My rating: 2 of 5 stars
This book missed the mark for me. I’m not entirely sure why I decided to read it in the first place, other than that it was a cheap-ish Kindle book that seemed to be somewhat well-reviewed. (I didn’t want to haul hardcovers with me while traveling.)
Anyway. So, the book is about a directionless young woman who loses her job and ends up, somehow, caring for a wealthy disabled man. Somehow, she is selected to look after him in rather a strange way, despite being, as far as I can tell, entirely boring. Her very first concern is that she is not a nurse, but the man’s mother and her employer reassures her that he has a nurse, and doesn’t need that kind of care.
We are left in suspense about what kind of care he needs, for a while, and she hangs out with him a bit but largely avoids him. Through a few twists and turns, we discover he wants to end his own life as a result of his disabilities, but has promised his mother he will wait six months to do so, and so, she hires our heroine to change his mind, without telling said heroine exactly what the situation was.
There are a lot of unanswered questions in this book. Why on earth was Lou hired? All that her employer knew about her was that she didn’t know how to dress for an interview. Was she cute? Was there something she said or did off-camera, so to speak, that convinced her employer?
And what caused her to eventually grow to like her charge? I feel like I’m not really presented with a case for liking Will. He’s (rightfully) kind of a bitter asshole. We feel bad for him, because of his lot in life, but that doesn’t make him someone you could be friends with. Does Lou grow to like him just because she so deeply opposes his wishes for a merciful end to his life?
It’s a feel-good tale that explores assisted suicide and disability. It’s an interesting subject, but I don’t think the book really did it justice. I think that Lou grows to like Will because of his disability, not because he’s a particularly nice or sweet person. (His initial frostiness towards her verges on negging, at times.) Lou is so daft – quitting her job when she finds out it’s all about talking him out of suicide, despite the fact that what she wants is for him not to kill himself. There were just some things that didn’t really connect for me.

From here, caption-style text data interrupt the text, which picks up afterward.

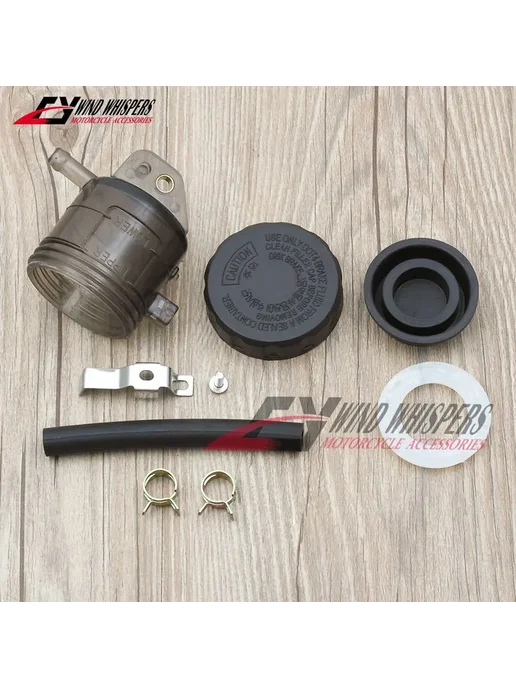 wind whispers Бак тормозной жидкости белый Yamaha YZF-R1 R6 2000-2015, белый, фото 5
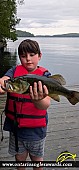 20" Largemouth Bass caught on Ahmic lake
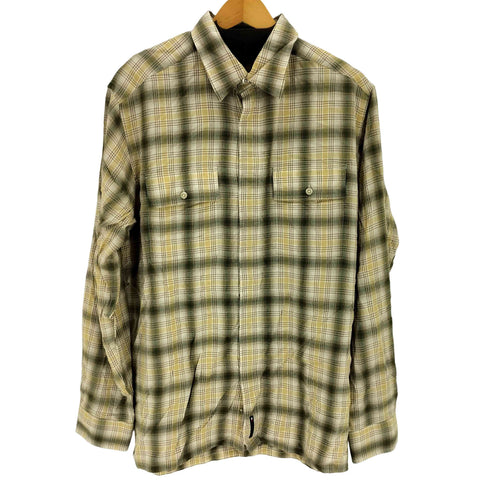 トミーヒルフィガー TOMMY HILFIGER 90S 比翼ボタン レギュラーカラーL/S レーヨンシャツ メンズ import:M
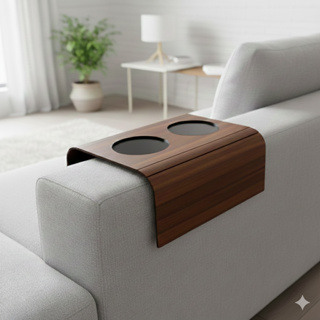 Porta-Copo para Sofá em MDF Organização Total--Versões com e sem Nicho Acabamento Premium em Oferta na Shopee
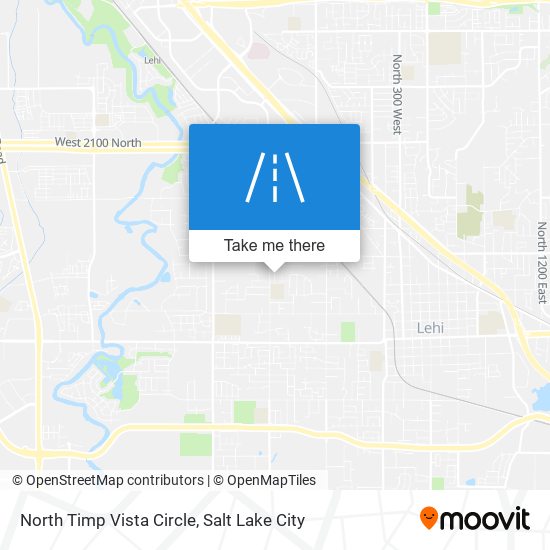 North Timp Vista Circle map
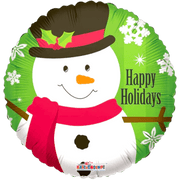 9" Happy Holidays - Snowman - Conver USA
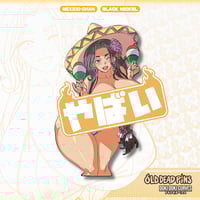 Image 2 of Mexico-Chan OC Enamel Pin In-Hand Extras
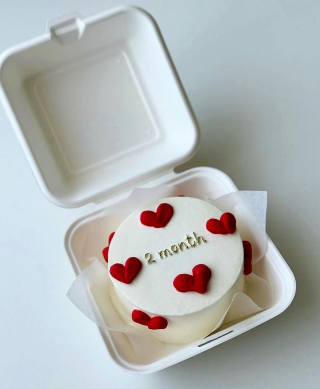 Love in Miniature – 2 Month Bento Cake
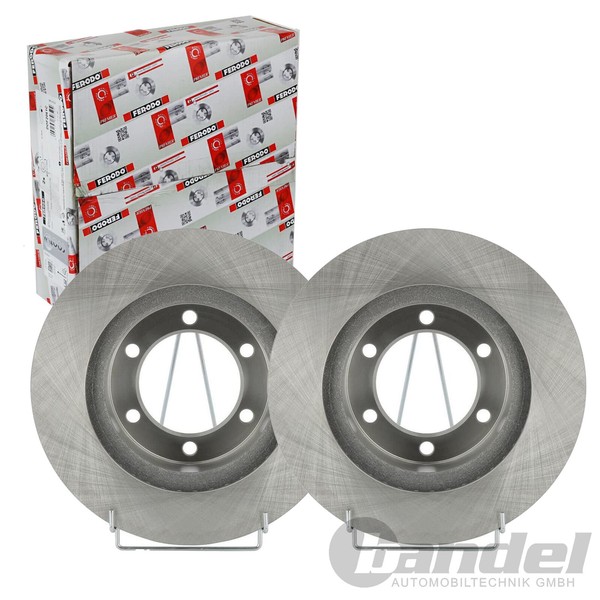 2X Ferodo 319Mm Bremsscheiben BelÜFtet Vorne Passend FüR Toyota 4 Land | DDF1008-image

It’s not unbelievable to me that someone could develop a deep friendship or romantic feelings for someone who is severely disabled. What IS unbelievable to me is that they could do so, without the object of their affection displaying any good qualities whatsoever. It was a weird book, and could have used some more work to convince the audience that these characters actually had motivations for the things they felt.